At the time this article was written Shirley Dysart was Speaker of the New Brunswick Legislative Assembly

Delegates to the 1993 Commonwealth Women Parliamentarians Group (CWPG) in Cyprus noted that half the sessions at the Small Countries Conference were chaired by women and that women played significant roles as panelists, secretaries and rapporteurs at the Plenary Conference. At the same time, they recognized a glaring deficiency of female representation at CPA conferences and seminars and expressed concern about the status of the CWPG at Plenary Conferences and the general lack of Association support for women parliamentarians. CWGP Members unanimously agreed the Executive Committee constitute a task force to investigate barriers to women's participation in Parliament and in the CPA which would consist of the three women parliamentarians on the executive committee who would report through the CWPG to the 1994 General Assembly. Named to the Task Force were Shirley Dysart, then Speaker of the Legislative Assembly of New Brunswick; Beryl A. Evans, MLC, Australia; and Winnifred Nyiva Kitili Mwendwa, MP, Kenya. This article looks at the problems and prospects for women's participation in CPA and in Parliaments generally.
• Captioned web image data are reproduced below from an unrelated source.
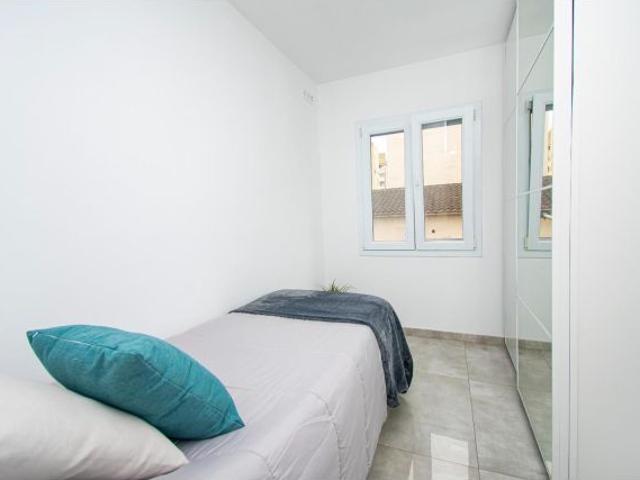 Piso Reformado en Plaza Serralta, Palma de Mallorca por €375,000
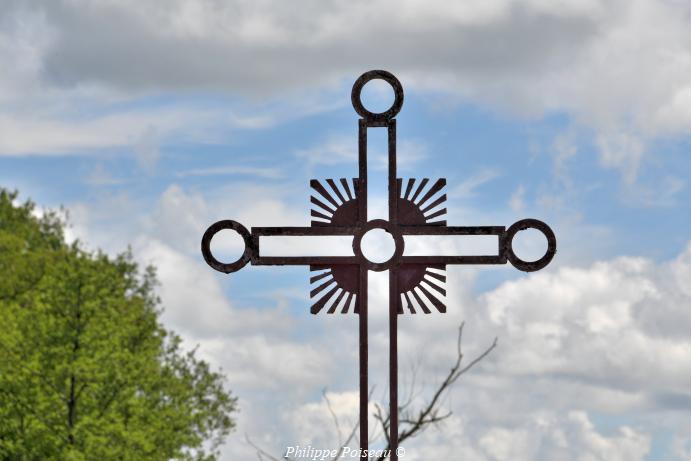 Croix de cimetière de Dornes un patrimoine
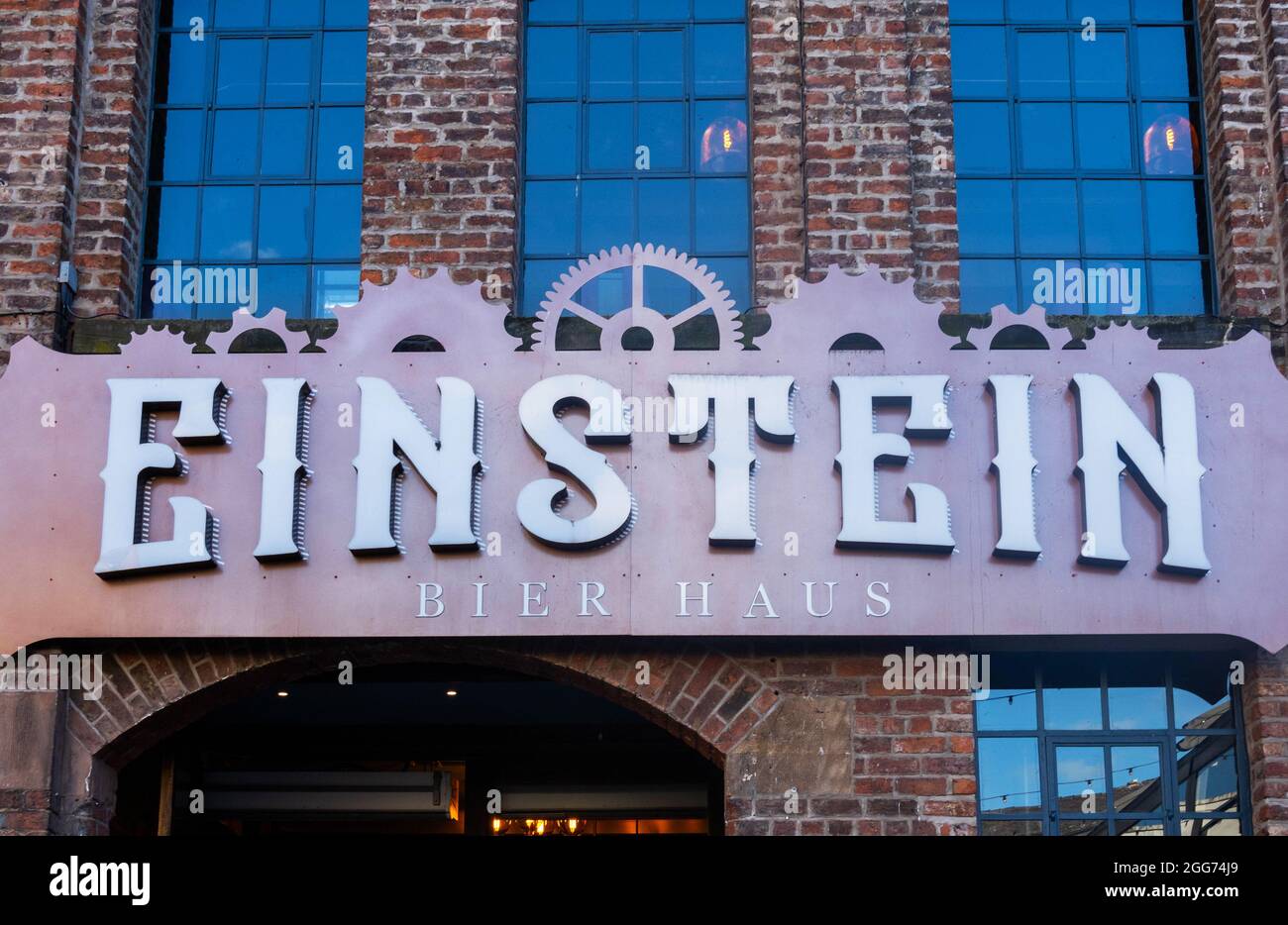 Panneau au-dessus d'une entrée à Einstein Bier Haus, une salle de bière de style allemand à Liverpool Banque D'Images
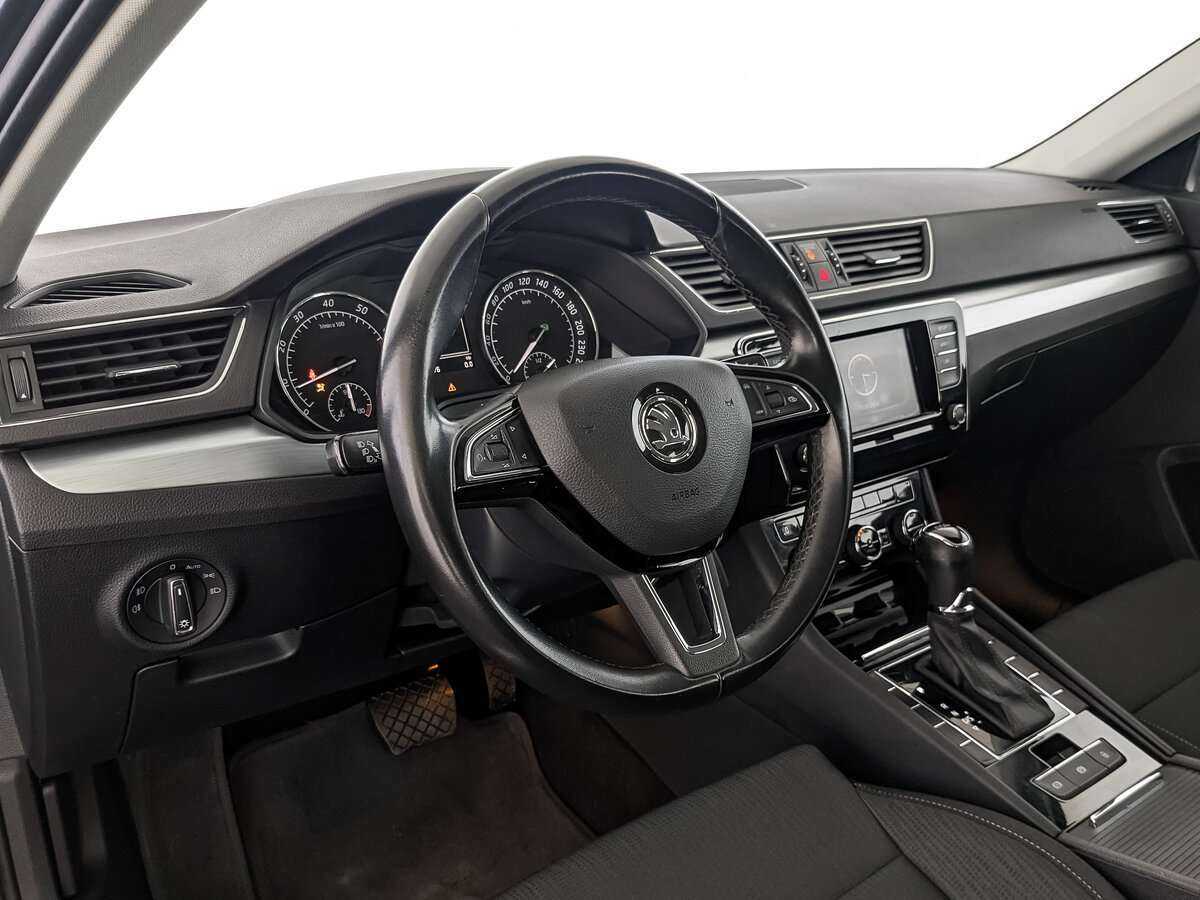Skoda Superb с пробегом — 2019 год. Фото: #10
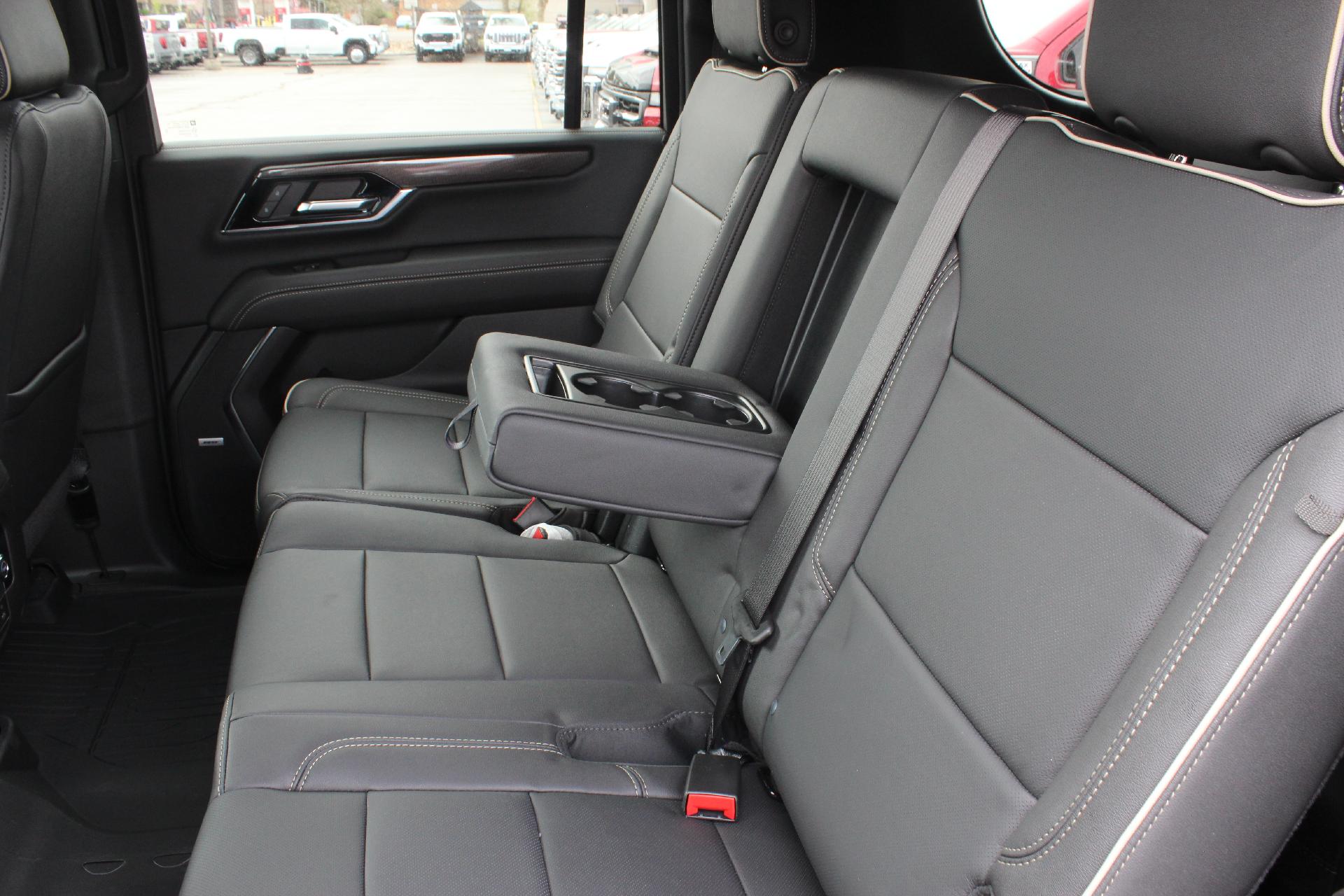2025 GMC Yukon XL Vehicle Photo in AURORA, CO 80012-4011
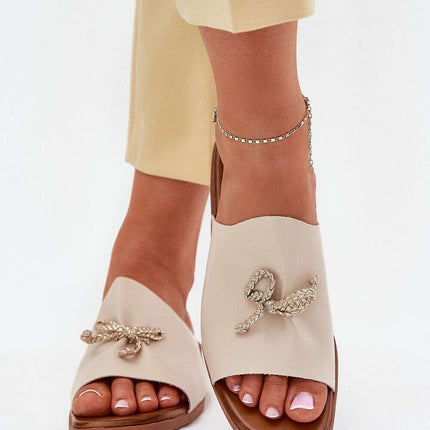 Flip-flops model 214377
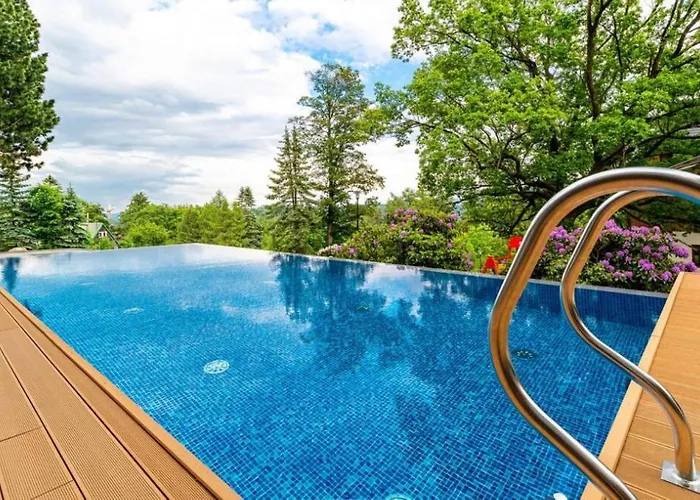 Gorska Odnowa Park 斯克拉斯卡波伦巴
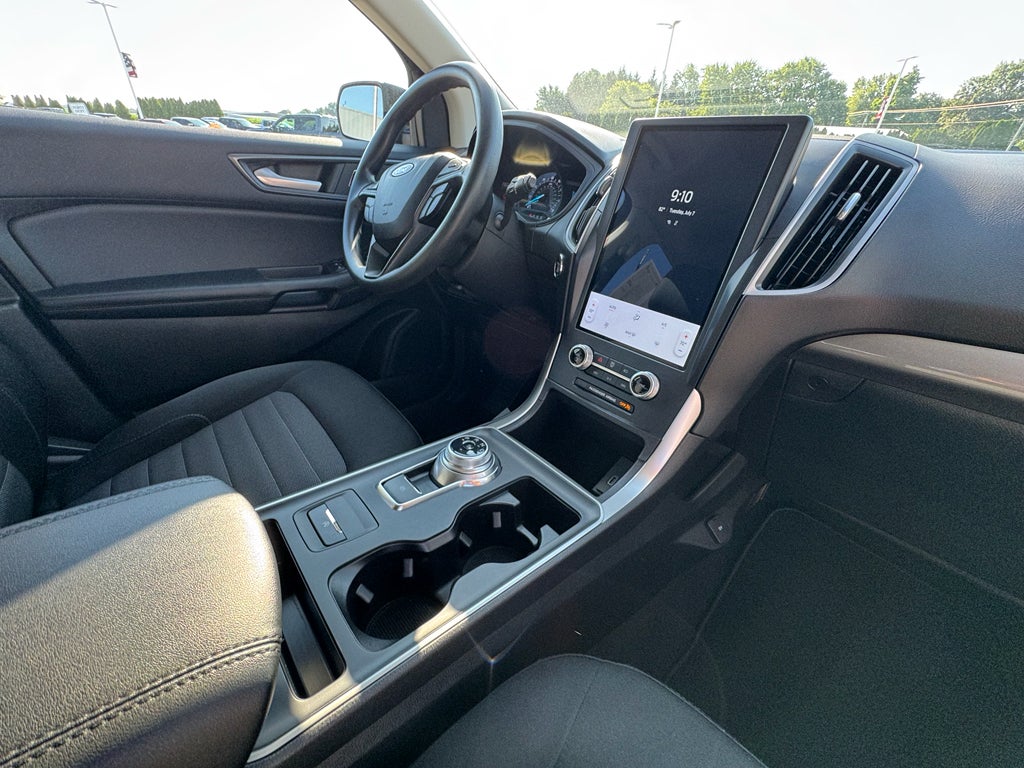 2023 Ford Edge SE AWD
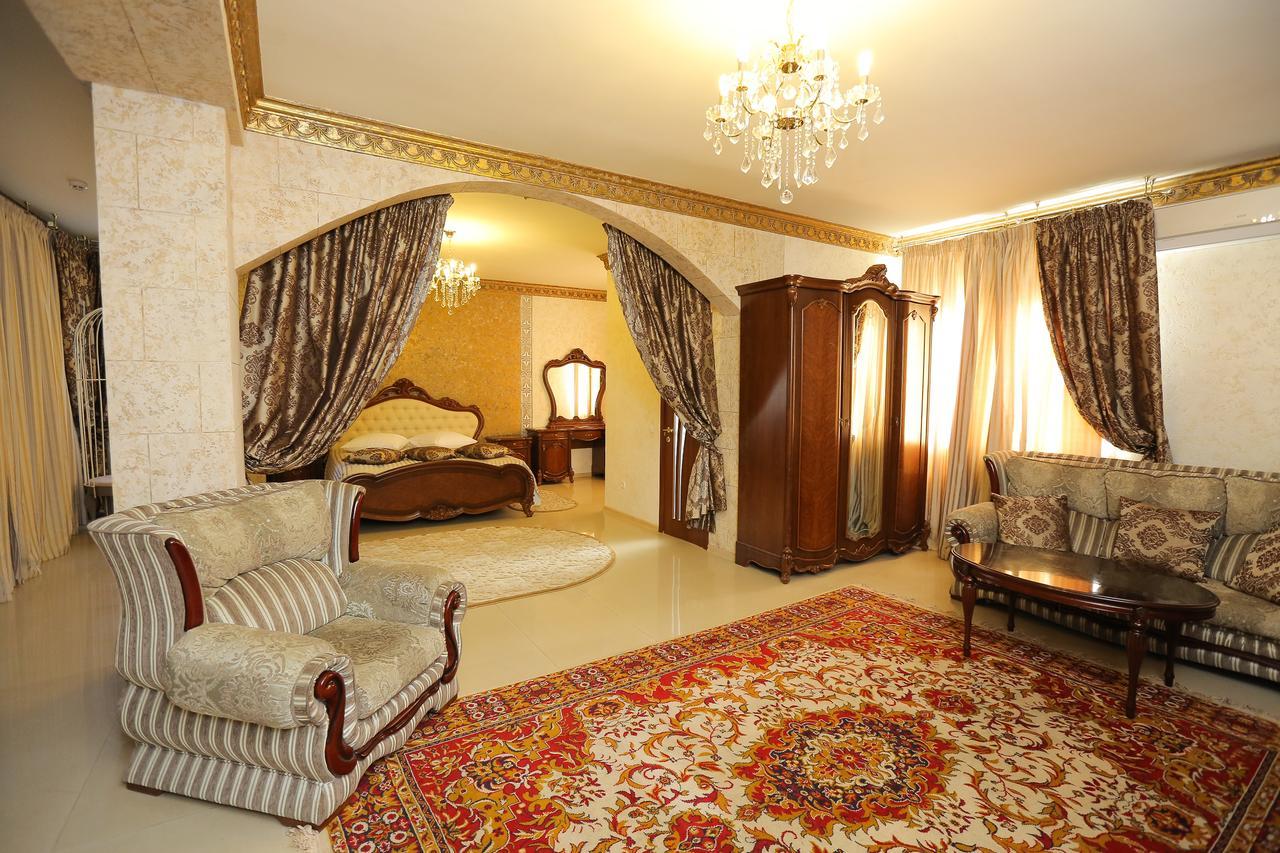 "Zolotoe Runo" Hotel Odessa Buitenkant foto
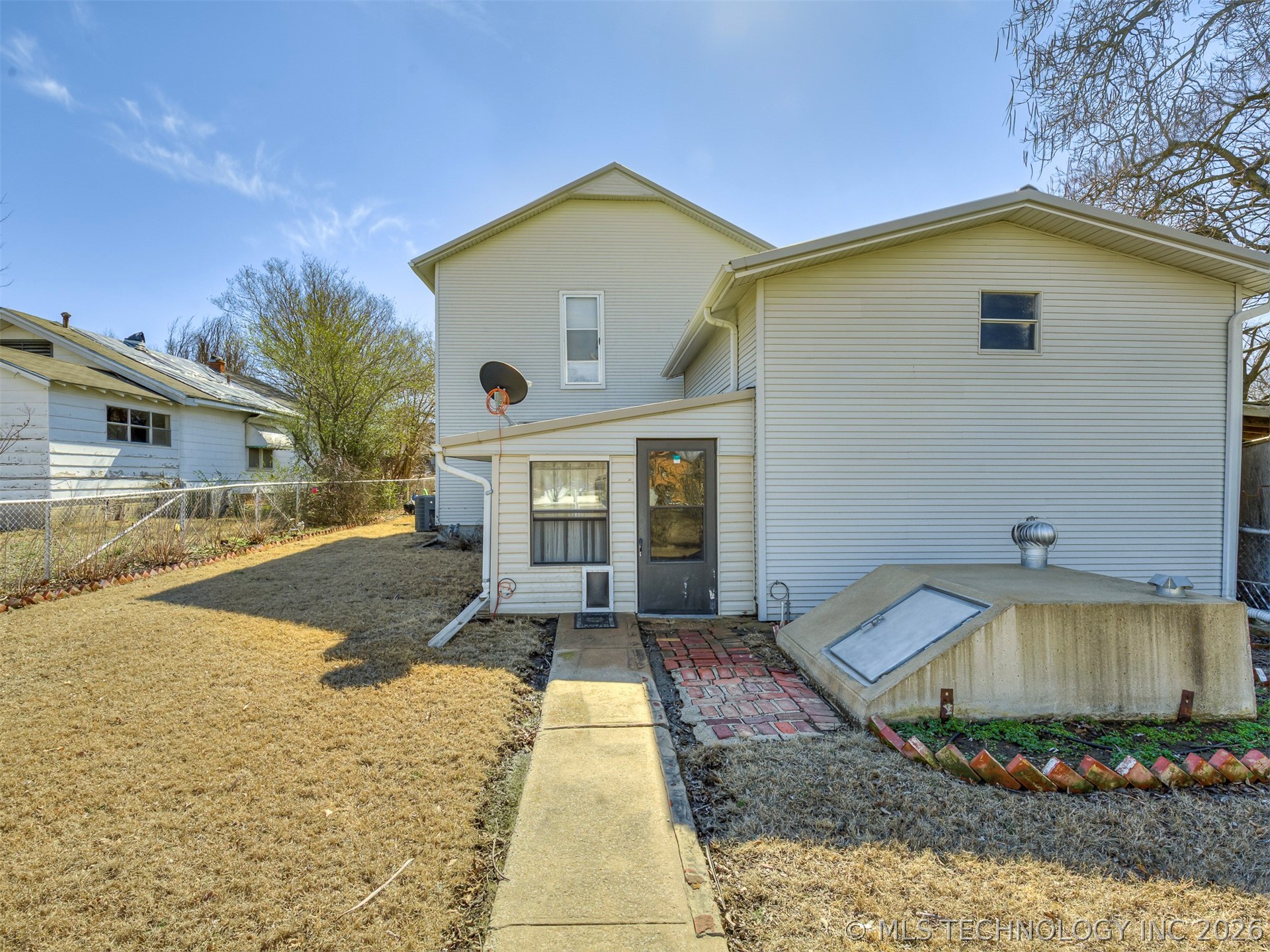 1123 E 9th Street Property Photo 3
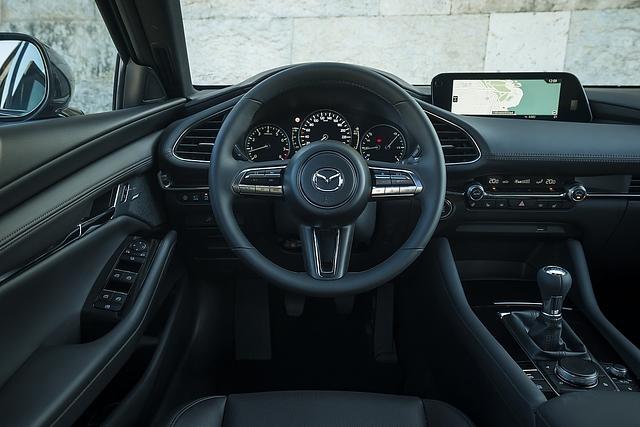 Das Cockpit ist reduziert und hat klare Linien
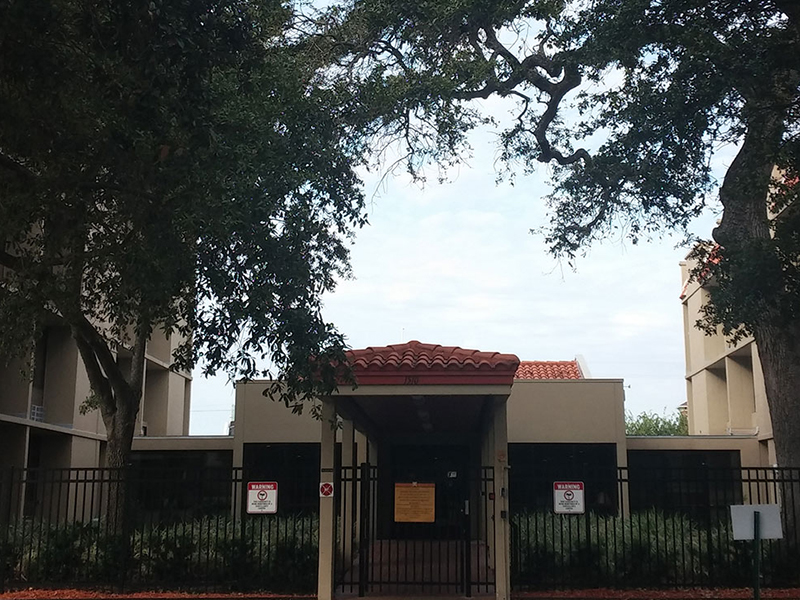 Hacienda Villas - Non-Profit Assisted Liiving in Tampa, Florida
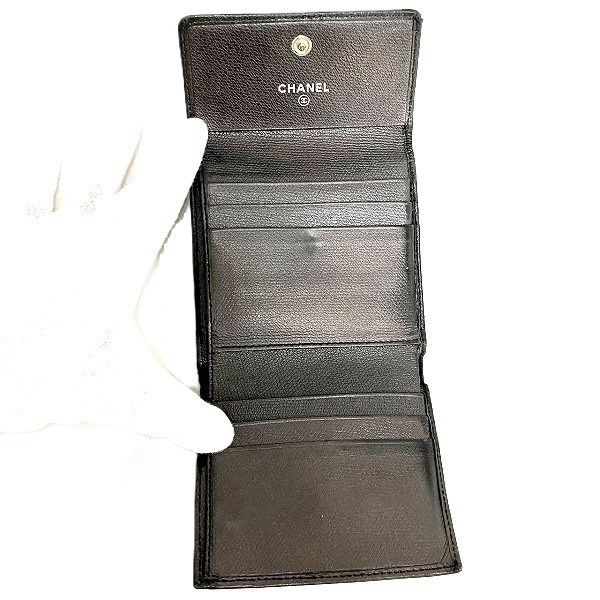 Chanel Chanel Chanel Leather Coco Button Trifold Wallet A20902 Leather Short Wallet A20902 in Good Condition Size ONE SIZE - 2 Thumbnail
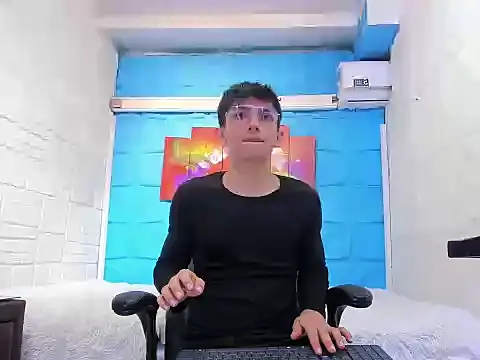 ElanGiraldo online show from February 2026 09:00:01 PM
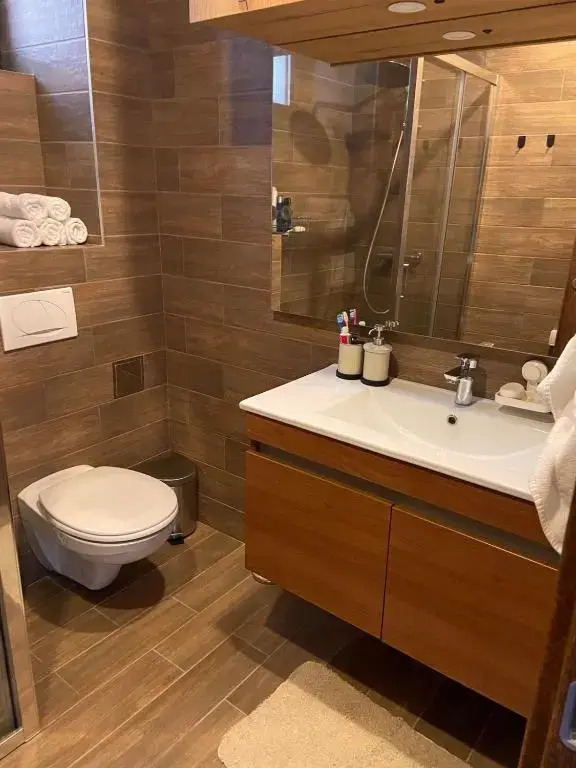 Apartman Vilotic , A2 , prizemlje Ground floor, apartman u zgradi Aris Kop-a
What is missing from every official photograph of delegates at annual Commonwealth Parliamentary Conferences? The answer, of course is a significant number of women delegates! Current political and constitutional arrangements everywhere assume that the masculine majority in office can – and does – speak adequately for women. The national interest is identified and articulated overwhelmingly by men. What men perceive as important assumes women's tacit approval and agreement. The interests of both genders are assumed to be identical. Many women and many men disagree. The fact is that a world managed by men has a lot to answer for when they have managed to transform the traditional food producers of Africa, namely women, into the saddest victims of famine and shortages.1

Women comprise more than half the world's population, yet in the majority of the world's democratic countries where universal suffrage is and has been in place for decades, democracy is not, in fact, completely at work. Except in rare instances, the laws of the land are drafted, formulated, debated, passed and implemented by men.

Unless women are prepared to inch along for another several hundreds years waiting until society ever so slowly evolves – it is incumbent upon women at all levels of society to take action. The fastest way for women to attain legislative and economic power is to take control of the power which is rightfully theirs and of which they are currently bereft.

Despite the fact that most countries use democratic methods of choosing political leaders and that women make up half the electorates, relatively few women reach the highest levels of political participation and even fewer become public decision makers. Women are largely absent from most forums where policy decisions affecting women's daily lives are being made.

While few women are restricted in law, a wide gap remains between women's de jure right to participate in the electoral process and their de facto actual participation. By 1989 there were almost no countries where men could vote or stand for office but women could not. An in-depth study of the world-wide phenomenon of underrepresentation of women in positions of political power would take into account differences between more industrialized and less industrialized countries, voting systems, selection processes, the history of universal suffrage, and the importance of the legislative chamber.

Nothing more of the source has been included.